Now, how I've been handling it manually, is by /etc/init.d/mdraid zap, then starting it.  That works fine.

Which suggests a solution.  When it's supposed to shutdown, based on an option (say ROOT_ON_SERVICE=yes), if it's going to fail, simply zap what's left and report success.  There's no daemon left running and no harm to restarting it without successfully stopping it, after all, so why not?  Just make it an option so those that don't have root on top of it can still depend on the service status.  And still keep the individual device stops green for success, red if they fail, so those like me with multiple mdraid devices can quickly see if more than the expected one fails.
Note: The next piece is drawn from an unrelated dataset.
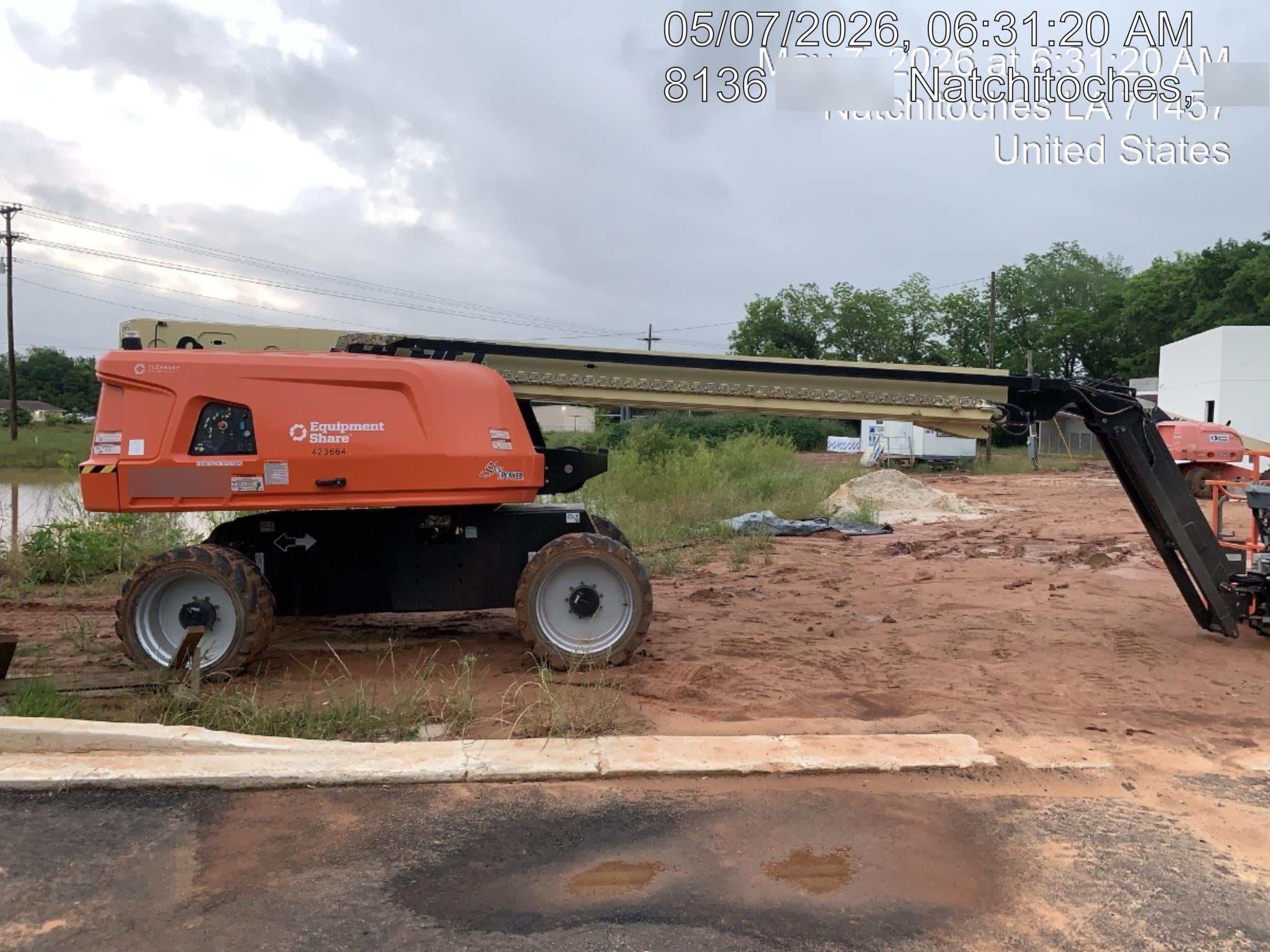 2024 JLG 660SJ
Again, something similar is likely to apply to lvm and devicemapper, but my root isn't on them, so I can't say for sure.  But that's why I suggested a variable like ROOT_ON_SERVICE, so the same var could be used in all three (and perhaps others) conf.d files, as necessary.  Once someone figured out what it did in the one case, they'd know how it worked in the others as well.
Comment 3 Roy Marples 2008-10-26 20:18:43 UTC
OpenRC in git will fix this as it has the new sysinit runlevel which never stops. So the solution would be to add mdraid to sysinit. Note, you will need the udev script on bug #240984.
Comment 4 Doug Goldstein (RETIRED) gentoo-dev 2009-02-05 17:19:55 UTC
Fixed in OpenRC 0.4.0 and higher. Please upgrade.